Rumble Strips

When I was a kid, I used to beg my dad to drive over the rumble strips on the highway. It sometimes took a lot of begging and convincing. Rumble strips, if you don’t know, are the indentations on the sides of highways that create a loud, jarring, vehicle-shaking alert that you’re drifting off the side of the road. As a kid, I thought it was hilarious: the rumble, the vehicle lurching and shuddering, the coins rattling in the console, and the loud noise. I never understood why it took so much effort to get dad to acquiesce. I mean, who wouldn’t love that experience?

“Bzzz-zzzzz-zzzzt!”

“Hahaha! That was fun, daddy. Do it again!”

Now, as an adult, I have a distinctly different experience when I’m the one behind the wheel and I strike the rumble strips. The core sensations are the same: the noise, the vibration, the shuddering and lurching. But my reaction to those stimuli is so different. My pulse quickens, my anxiety level increases, my palms sweat, and I feel less like I have the vehicle under control. The stimuli I thought was so enjoyable as a kid is something that I really try to avoid now. I get it now: I understand why dad didn’t want to do it. It’s stressful! It’s a little scary to hit the rumble strips!

“Bzzz-zzzzz-zzzzt!”

“Wow, I didn’t know the steering wheel would pull so hard like that! What if the car would have gone into a spin? That felt dangerous!”

I’ve had some bosses that are like rumble strips. You don’t ever hear from them until something is off-track. When you do hear from them, it’s jarring, it shakes the whole world, and it makes you feel as though you might be in danger. A month of almost no communication with your manager beyond common courtesies at the coffee machine. You’re pretty sure things are going just fine. “No news is good news,” and all that. Right? Then, all of a sudden…

“Bzzz-zzzzz-zzzzt!”

Some managers will call this style of management laissez faire. “Why bother communicating or interacting with my reports unless they need me to intervene? I’ll worry about whether or not there’s a problem, I’ll shelter them from the small problems, and I won’t interfere unless there’s a big enough problem that I need them to do something about it.”

However, this ignores the fact that every time such a manager actually interacts with their subordinates, those people feel that pulse-pounding, stressful, scary, things-are-out-of-control, I’m-doing-something-really-really-wrong feeling of

“Bzzz-zzzzz-zzzzt!”

While I can understand why a manager would call this style laissez faire, let’s be honest: it’s reactive management, and what needs to be happening is proactive management.
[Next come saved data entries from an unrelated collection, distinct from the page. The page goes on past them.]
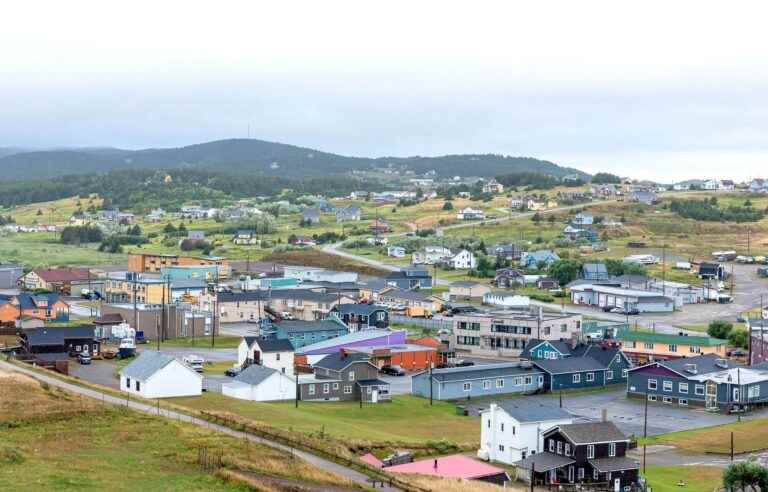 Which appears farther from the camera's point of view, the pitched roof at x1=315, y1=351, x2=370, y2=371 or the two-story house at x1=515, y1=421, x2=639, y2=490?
the pitched roof at x1=315, y1=351, x2=370, y2=371

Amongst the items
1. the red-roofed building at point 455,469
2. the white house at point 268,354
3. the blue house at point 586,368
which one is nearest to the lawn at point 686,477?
the red-roofed building at point 455,469

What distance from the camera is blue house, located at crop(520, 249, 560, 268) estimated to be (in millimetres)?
92188

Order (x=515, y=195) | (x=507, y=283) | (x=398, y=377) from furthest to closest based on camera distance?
(x=515, y=195) → (x=507, y=283) → (x=398, y=377)

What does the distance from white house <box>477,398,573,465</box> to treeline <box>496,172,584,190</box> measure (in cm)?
13048

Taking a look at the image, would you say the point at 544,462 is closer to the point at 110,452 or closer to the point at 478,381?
the point at 110,452

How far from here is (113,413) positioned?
1169 inches

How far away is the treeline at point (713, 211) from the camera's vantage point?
12388cm

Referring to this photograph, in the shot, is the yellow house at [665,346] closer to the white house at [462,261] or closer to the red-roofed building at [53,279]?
the red-roofed building at [53,279]

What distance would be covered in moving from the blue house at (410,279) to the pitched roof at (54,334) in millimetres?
32119

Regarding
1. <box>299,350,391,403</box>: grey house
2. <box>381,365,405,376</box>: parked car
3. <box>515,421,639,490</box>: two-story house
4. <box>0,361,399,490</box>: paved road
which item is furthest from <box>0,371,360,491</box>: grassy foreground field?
<box>381,365,405,376</box>: parked car

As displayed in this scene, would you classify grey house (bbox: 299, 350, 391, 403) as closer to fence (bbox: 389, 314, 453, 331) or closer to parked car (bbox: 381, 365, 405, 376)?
parked car (bbox: 381, 365, 405, 376)

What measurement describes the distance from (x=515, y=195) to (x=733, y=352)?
103 meters

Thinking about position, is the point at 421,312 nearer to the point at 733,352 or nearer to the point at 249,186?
the point at 733,352

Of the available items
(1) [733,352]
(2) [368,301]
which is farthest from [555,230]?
(1) [733,352]
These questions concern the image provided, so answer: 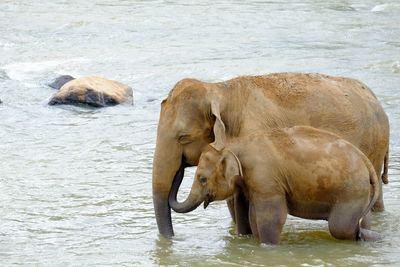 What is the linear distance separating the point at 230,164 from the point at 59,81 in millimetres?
10180

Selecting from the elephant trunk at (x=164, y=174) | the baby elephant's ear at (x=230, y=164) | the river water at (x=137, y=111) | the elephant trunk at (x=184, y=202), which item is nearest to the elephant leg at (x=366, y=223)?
the river water at (x=137, y=111)

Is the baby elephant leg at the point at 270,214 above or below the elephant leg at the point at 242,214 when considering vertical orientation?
above

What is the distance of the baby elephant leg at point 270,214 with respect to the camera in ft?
22.5

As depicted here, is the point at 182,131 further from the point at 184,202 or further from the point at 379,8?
the point at 379,8

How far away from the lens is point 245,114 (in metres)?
7.23

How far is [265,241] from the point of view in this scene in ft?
23.0

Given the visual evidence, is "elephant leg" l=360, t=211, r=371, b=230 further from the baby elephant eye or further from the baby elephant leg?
the baby elephant eye

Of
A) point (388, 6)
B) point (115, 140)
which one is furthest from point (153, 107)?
point (388, 6)

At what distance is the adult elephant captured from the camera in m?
7.10

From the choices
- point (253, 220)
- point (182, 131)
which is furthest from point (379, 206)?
point (182, 131)

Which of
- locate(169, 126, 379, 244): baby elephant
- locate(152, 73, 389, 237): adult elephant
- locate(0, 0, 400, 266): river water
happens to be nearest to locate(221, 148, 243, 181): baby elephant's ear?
locate(169, 126, 379, 244): baby elephant

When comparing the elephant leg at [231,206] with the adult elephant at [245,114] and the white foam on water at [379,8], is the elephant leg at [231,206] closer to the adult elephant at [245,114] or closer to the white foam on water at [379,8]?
the adult elephant at [245,114]

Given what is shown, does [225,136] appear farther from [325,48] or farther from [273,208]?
[325,48]

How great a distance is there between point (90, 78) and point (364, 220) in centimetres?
838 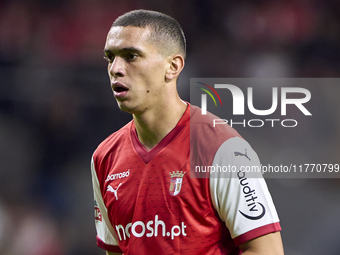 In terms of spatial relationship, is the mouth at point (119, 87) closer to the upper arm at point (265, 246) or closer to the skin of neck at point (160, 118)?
the skin of neck at point (160, 118)

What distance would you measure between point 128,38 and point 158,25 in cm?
22

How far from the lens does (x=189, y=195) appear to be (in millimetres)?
2488

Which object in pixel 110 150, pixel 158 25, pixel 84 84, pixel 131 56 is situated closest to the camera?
pixel 131 56

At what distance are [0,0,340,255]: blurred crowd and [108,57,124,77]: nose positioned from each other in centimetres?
269

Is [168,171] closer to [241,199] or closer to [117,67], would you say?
[241,199]

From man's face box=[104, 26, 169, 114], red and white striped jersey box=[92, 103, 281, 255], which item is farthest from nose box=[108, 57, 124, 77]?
red and white striped jersey box=[92, 103, 281, 255]

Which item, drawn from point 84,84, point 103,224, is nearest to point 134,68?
point 103,224

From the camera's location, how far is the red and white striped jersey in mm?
2418

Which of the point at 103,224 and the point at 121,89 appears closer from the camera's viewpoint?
the point at 121,89

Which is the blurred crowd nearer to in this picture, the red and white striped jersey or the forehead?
the red and white striped jersey

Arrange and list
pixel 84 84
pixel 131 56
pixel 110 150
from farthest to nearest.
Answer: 1. pixel 84 84
2. pixel 110 150
3. pixel 131 56

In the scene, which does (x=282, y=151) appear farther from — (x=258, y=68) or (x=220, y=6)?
(x=220, y=6)

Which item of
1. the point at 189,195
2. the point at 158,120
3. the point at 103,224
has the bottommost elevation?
the point at 103,224

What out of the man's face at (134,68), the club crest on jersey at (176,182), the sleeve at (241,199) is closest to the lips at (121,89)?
the man's face at (134,68) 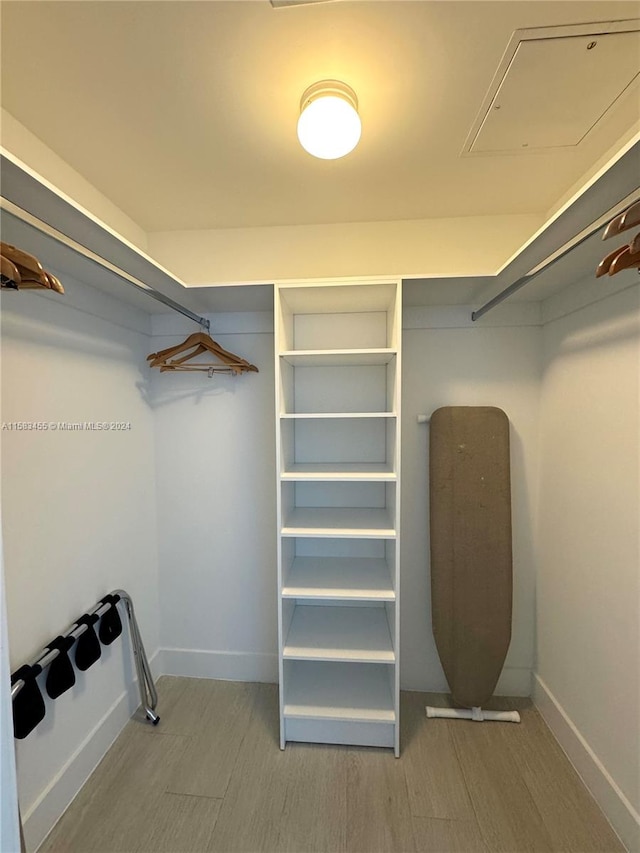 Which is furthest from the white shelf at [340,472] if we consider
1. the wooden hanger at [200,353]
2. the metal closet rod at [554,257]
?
the metal closet rod at [554,257]

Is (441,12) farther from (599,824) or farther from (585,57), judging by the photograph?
(599,824)

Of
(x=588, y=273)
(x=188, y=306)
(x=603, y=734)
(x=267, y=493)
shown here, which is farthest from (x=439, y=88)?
(x=603, y=734)

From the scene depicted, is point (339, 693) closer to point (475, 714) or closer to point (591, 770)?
point (475, 714)

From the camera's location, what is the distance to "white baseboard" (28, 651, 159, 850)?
1335mm

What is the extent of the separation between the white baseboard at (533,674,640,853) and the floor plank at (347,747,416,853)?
0.74 meters

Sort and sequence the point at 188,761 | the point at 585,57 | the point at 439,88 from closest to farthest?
1. the point at 585,57
2. the point at 439,88
3. the point at 188,761

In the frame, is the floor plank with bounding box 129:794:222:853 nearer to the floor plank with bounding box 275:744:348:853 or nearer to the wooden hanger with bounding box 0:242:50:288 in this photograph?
the floor plank with bounding box 275:744:348:853

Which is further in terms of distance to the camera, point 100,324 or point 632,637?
point 100,324

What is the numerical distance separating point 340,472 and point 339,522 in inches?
9.9

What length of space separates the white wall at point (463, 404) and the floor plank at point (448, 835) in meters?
0.66

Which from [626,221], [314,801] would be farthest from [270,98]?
[314,801]

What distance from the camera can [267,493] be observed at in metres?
2.13

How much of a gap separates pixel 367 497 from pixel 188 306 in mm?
1366

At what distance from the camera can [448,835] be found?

If the only time an employee hears from their boss is when things are off-track, then what kind of relationship will that foster? It will be uncomfortable, stress-laden, and guarded. Rather than managing like rumble strips, a wise manager will take the time to communicate with each of their reports frequently, and for no other reason than to stay connected. A strong connection with each member of your team ensures that you can address small problems before they become big problems.


Highway driving today is much different than when I was a kid begging dad to drive over the rumble strips. There are times I get annoyed with the GPS navigation’s repetitive reminders about what the next turn is, which direction it is, and how far away it is. However, if we’re really honest, the anxiety of “Did I miss a turn? Am I going the wrong way?” is completely absent when I use GPS nav. The navigation system makes it much harder to make wrong turns. If a wrong turn does happen, the navigator knows where you are, and simply tells you what the next turns are to get you back on course.

Like a GPS navigation system, good managers provide positive confirmation to their reports: “You’re on the right path.” Also, like a GPS system, smart managers stay up-to-date on the position of their team members, so that you can help them navigate. You can’t navigate with false or incomplete information; therefore, trust and honesty are crucial. Make it clear that it’s safe to deliver bad news: we can’t course-correct without the truth. If we can course-correct earlier, with more transparency and empathy, maybe we won’t get that dreaded feeling of

“Bzzz-zzzzz-zzzzt!”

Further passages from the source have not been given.